What is the recommended prophylactic use of Keppra (levetiracetam) for patients with subdural hematoma (SDH) at high risk of seizures?

Prophylactic Levetiracetam for Subdural Hematoma

Prophylactic levetiracetam is recommended for patients with subdural hematoma who have high-seizure-risk features, but should be limited to 7 days in the perioperative period unless seizures occur.

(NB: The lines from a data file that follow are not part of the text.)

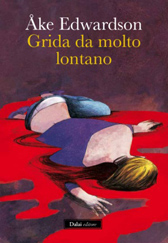 Recensione Libro “Grida da molto lontano”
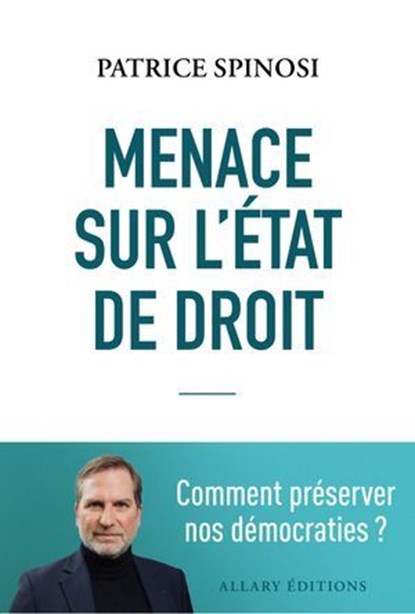 Menace sur l'état de droit, Patrice Spinosi - Ebook - 9782370735164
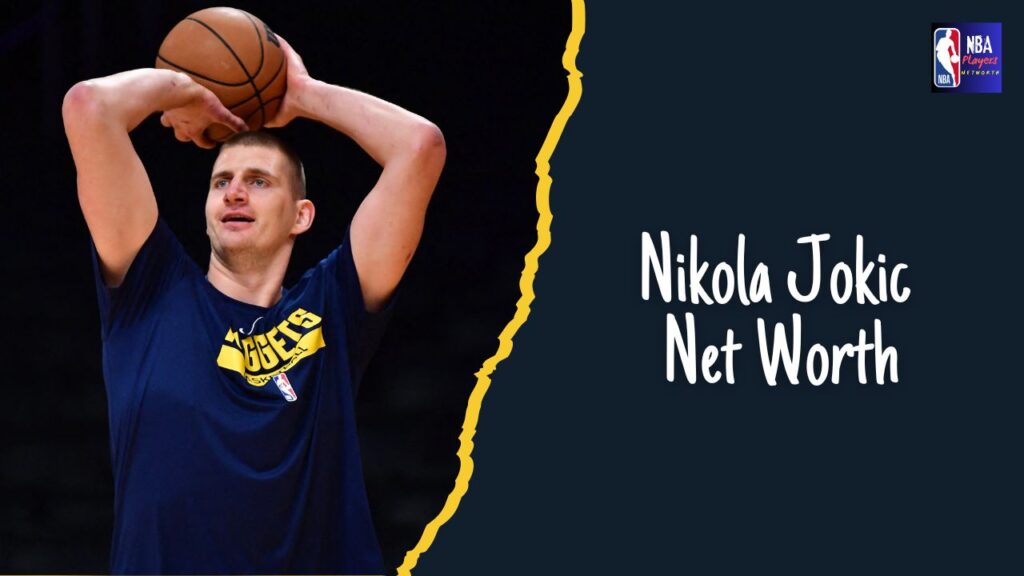 Nikola Jokic Net Worth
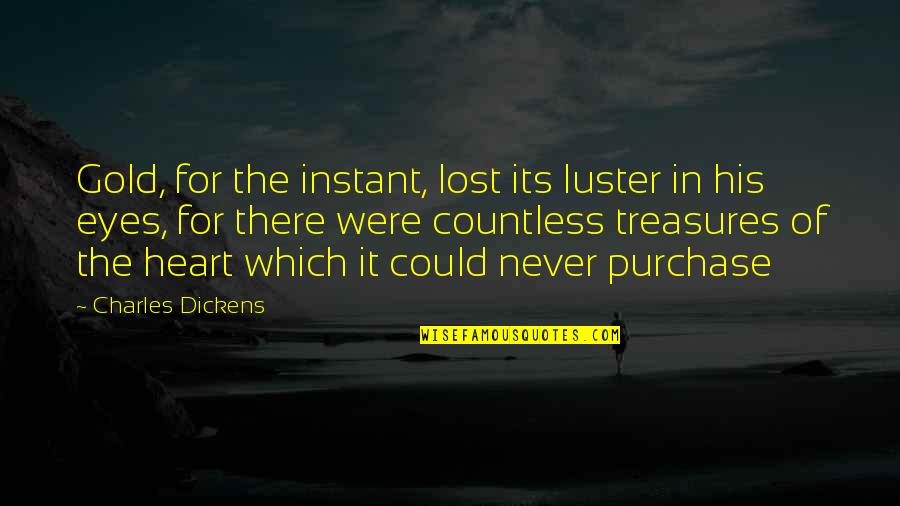 Dakotah Meadows Quotes By Charles Dickens: Gold, for the instant, lost its luster in Dakotah Meadows Quotes By Charles Dickens: Gold, for the instant, lost its luster in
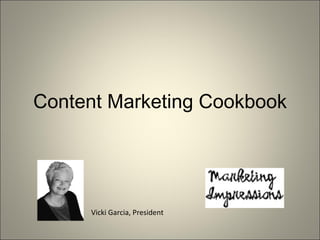 Content Marketing Cookbook Vicki Garcia, President 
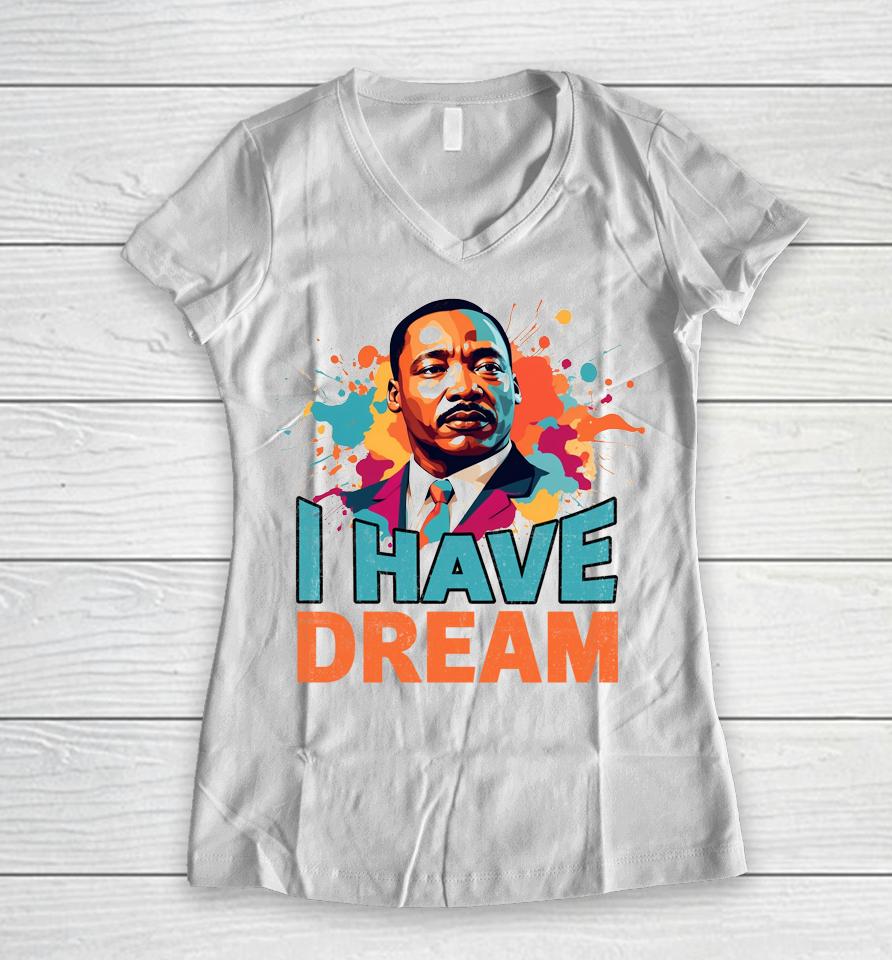 I Have A Dream Martin Luther King Jr. Mlk Day Vintage Women V-Neck T-Shirt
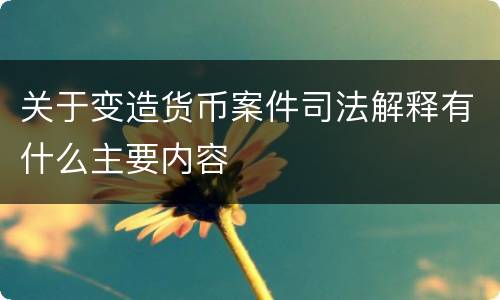 关于变造货币案件司法解释有什么主要内容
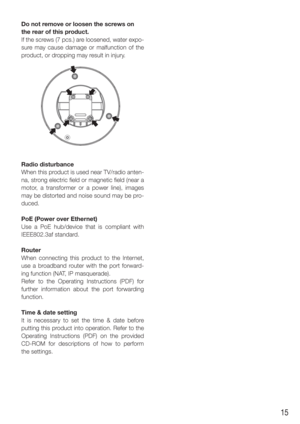 Page 1515
Do not remove or loosen the screws on 
the rear of this product. 
If the screws (7 pcs.) are loosened, water expo-
sure may cause damage or malfunction of the 
product, or dropping may result in injury.
Radio disturbance
When this product is used near TV/radio anten-
na, strong electric field or magnetic field (near a 
motor, a transformer or a power line), images 
may be distorted and noise sound may be pro-
duced. 
PoE (Power over Ethernet)
Use a PoE hub/device that is compliant with 
IEEE802.3af...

Risk Assessment for Seizures in SDH Patients

Seizures are a known complication of subdural hematoma, but not all patients require prophylaxis. The decision to use prophylactic antiepileptic drugs should be based on risk factors:

High-Risk Features (Consider Prophylaxis):

• Thick subdural hematoma (thickness correlates with seizure risk) 1
• Midline shift
• Cortical involvement
• Acute hemorrhage component
• Need for surgical intervention

Low-Risk Features (Prophylaxis May Not Be Beneficial):

• Thin subdural hematoma
• Preserved consciousness (GCS ≥13)
• Chronic subdural hematoma without other risk factors

Evidence for Prophylactic Antiepileptic Use

The overall seizure risk in SDH varies considerably:

• In patients with isolated SDH and preserved consciousness, in-hospital seizures are rare (approximately 2.2%) regardless of prophylactic medication use 2
• For chronic subdural hematoma, systematic reviews have not found significant reduction in seizure incidence with prophylactic antiepileptic drugs 3, 4

Medication Selection

When prophylaxis is indicated:

• Levetiracetam is preferred over phenytoin due to:

  • Similar efficacy in preventing clinical/electrographic seizures
  • Significantly lower risk of adverse drug effects 1
  • No enzyme induction (important for patients on multiple medications) 5
  • Better tolerability profile 5

• Dosing recommendations:

  • Starting dose: 500 mg twice daily
  • Maintenance dose: 1000-3000 mg/day divided into two doses 5
  • Duration: Limited to ≤7 days in the perioperative period unless seizures occur 6

Duration of Prophylaxis

• Short-term use (≤7 days) is reasonable to reduce seizure-related complications in the perioperative period 6
• Extended use beyond 7 days is not effective for reducing future seizure risk in patients without prior epilepsy 6
• Prophylactic antiepileptic drugs should be discontinued after the perioperative period in patients who have not experienced seizures 6

Monitoring Recommendations

• For patients with altered mental status out of proportion to their imaging findings, consider continuous EEG monitoring for at least 24-48 hours 6
• If seizures occur, treatment with antiseizure medications should be continued
• Monitor for adverse effects, particularly psychiatric side effects with levetiracetam 5

Special Considerations

• Patients with midline shift >0 mm may have a higher risk of electrographic seizures on levetiracetam compared to phenytoin, but levetiracetam still has a lower risk of adverse effects 1
• In patients with no history of seizures who are not undergoing surgery, antiepileptic medication may be omitted 6
• Risk scores can be used to estimate the risk of late seizures (>7 days after hemorrhage), but should not be used to guide continuation of antiepileptic drugs 6

Key Pitfalls to Avoid

• Continuing prophylactic antiepileptic drugs beyond 7 days without evidence of seizures
• Using phenytoin for prophylaxis (associated with excess morbidity and mortality) 6
• Failing to monitor for adverse effects of antiepileptic medications
• Overlooking the need for EEG monitoring in patients with disproportionate mental status changes

In summary, while prophylactic levetiracetam is reasonable for high-risk SDH patients, it should be limited to the perioperative period (≤7 days) unless seizures occur, with phenytoin specifically avoided due to its adverse effect profile.